> [Short descriptive text snippets]

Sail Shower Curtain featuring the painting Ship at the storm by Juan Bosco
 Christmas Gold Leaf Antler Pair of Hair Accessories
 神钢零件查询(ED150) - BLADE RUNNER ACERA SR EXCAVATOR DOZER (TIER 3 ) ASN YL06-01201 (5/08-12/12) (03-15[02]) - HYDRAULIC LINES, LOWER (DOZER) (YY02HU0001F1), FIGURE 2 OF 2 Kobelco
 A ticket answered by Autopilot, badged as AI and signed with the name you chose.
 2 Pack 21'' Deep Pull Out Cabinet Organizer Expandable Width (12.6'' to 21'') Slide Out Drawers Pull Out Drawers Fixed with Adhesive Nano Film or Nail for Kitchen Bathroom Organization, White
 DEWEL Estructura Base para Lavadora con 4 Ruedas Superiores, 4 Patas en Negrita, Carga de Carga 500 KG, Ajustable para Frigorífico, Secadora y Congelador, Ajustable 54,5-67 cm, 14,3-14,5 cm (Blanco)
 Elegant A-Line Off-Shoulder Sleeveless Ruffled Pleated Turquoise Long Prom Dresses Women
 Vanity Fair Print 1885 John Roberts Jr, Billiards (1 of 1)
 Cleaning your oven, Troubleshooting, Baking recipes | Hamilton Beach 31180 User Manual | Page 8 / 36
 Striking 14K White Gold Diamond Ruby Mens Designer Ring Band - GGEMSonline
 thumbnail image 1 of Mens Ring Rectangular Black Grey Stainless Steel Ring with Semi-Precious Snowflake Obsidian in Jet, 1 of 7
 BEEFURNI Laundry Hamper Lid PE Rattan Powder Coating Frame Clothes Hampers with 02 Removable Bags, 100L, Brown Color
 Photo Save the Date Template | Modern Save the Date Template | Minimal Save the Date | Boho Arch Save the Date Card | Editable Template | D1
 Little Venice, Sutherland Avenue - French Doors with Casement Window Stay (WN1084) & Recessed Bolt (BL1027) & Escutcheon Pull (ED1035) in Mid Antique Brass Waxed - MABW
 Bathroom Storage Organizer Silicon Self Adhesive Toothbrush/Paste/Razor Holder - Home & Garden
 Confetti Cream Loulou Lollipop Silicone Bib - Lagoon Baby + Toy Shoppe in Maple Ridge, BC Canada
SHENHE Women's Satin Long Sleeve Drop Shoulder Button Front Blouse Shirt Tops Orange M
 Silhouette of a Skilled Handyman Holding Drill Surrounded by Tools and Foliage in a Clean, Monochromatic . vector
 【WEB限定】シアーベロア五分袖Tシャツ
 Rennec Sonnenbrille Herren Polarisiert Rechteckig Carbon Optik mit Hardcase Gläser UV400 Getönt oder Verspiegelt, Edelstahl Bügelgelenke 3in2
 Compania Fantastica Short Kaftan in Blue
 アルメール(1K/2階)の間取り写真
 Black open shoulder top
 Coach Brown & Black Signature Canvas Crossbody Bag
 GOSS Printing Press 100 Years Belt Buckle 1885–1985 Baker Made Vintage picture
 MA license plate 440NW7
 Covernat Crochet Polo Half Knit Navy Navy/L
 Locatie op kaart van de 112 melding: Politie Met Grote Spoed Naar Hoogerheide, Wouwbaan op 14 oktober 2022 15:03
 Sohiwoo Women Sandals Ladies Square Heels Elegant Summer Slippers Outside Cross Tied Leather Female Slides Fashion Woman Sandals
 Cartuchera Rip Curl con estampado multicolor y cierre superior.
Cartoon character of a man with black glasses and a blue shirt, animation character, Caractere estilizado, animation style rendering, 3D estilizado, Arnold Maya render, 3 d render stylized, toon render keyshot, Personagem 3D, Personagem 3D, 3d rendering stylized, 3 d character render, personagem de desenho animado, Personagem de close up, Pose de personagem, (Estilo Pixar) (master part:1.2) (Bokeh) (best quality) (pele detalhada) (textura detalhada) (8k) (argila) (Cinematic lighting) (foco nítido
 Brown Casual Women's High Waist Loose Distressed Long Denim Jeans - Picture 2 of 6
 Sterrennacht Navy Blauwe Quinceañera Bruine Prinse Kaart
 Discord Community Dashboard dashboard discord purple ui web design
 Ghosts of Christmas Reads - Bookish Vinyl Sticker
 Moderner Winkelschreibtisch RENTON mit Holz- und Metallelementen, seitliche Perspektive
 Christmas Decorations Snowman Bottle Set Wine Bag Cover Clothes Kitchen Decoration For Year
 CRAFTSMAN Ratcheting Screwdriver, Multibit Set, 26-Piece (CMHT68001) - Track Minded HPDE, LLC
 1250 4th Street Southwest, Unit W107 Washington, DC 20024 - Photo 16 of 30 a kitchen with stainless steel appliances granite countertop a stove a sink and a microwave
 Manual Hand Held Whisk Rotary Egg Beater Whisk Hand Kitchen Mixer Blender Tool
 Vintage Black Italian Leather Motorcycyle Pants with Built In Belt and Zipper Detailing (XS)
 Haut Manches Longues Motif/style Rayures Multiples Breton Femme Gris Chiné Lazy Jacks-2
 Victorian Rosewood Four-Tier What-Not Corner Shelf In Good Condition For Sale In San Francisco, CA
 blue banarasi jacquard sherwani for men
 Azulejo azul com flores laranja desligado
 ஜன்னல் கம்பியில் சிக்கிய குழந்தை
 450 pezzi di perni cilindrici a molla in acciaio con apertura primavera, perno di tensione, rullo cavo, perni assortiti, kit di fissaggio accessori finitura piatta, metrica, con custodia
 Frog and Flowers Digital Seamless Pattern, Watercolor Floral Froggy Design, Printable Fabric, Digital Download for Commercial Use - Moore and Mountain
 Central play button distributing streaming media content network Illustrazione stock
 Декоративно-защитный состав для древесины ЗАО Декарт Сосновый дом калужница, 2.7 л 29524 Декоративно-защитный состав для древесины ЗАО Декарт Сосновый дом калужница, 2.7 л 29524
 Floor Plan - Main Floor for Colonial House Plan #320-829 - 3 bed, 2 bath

> [WORK INSTRUCTIONS] Within the data above, filter for lines containing the word "Bathroom" and copy each one.

> [WRITTEN REPLY]
 2 Pack 21'' Deep Pull Out Cabinet Organizer Expandable Width (12.6'' to 21'') Slide Out Drawers Pull Out Drawers Fixed with Adhesive Nano Film or Nail for Kitchen Bathroom Organization, White
 Bathroom Storage Organizer Silicon Self Adhesive Toothbrush/Paste/Razor Holder - Home & Garden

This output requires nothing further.